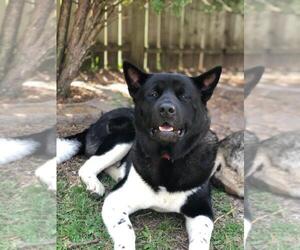 Akita Dogs for adoption in CHANDLER, AZ, USA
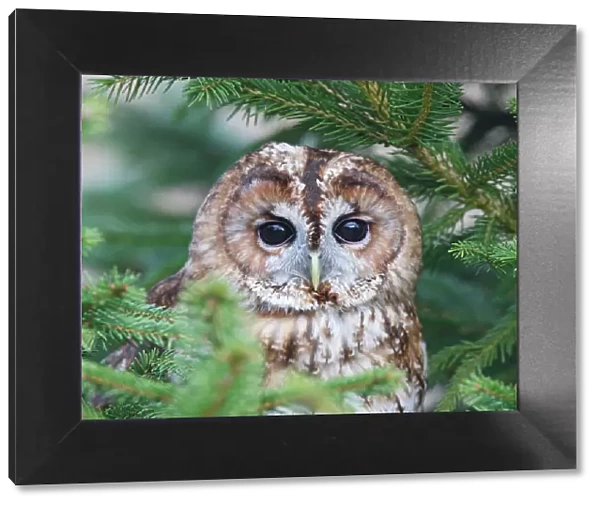 Tawny Owl - in fir tree - Bedfordshire - UK 006958
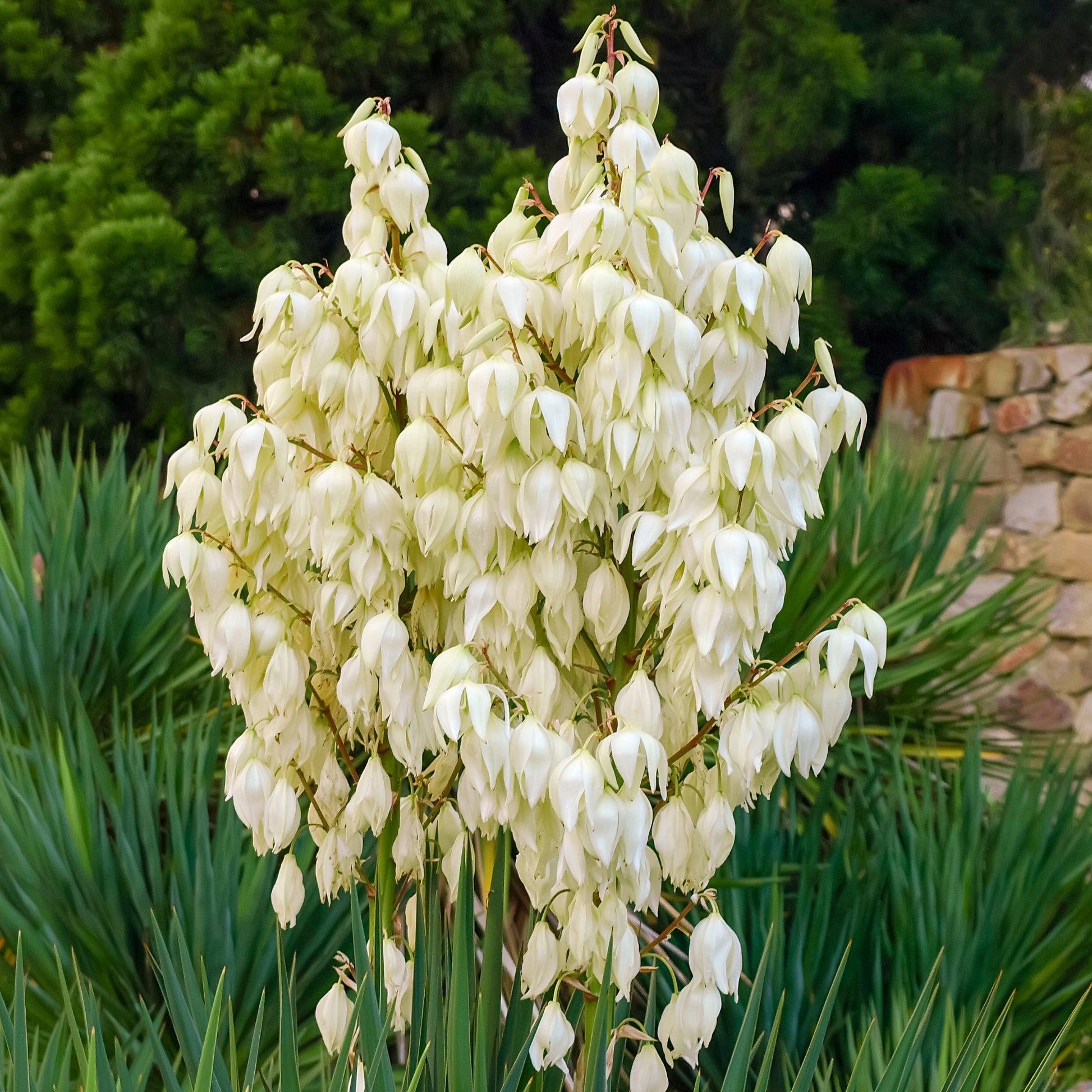yucca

---

Exercise aim →
Set down the material above exactly as written, but not the pictures.

Task output →
 Akita Dogs for adoption in CHANDLER, AZ, USA
 Tawny Owl - in fir tree - Bedfordshire - UK 006958
yucca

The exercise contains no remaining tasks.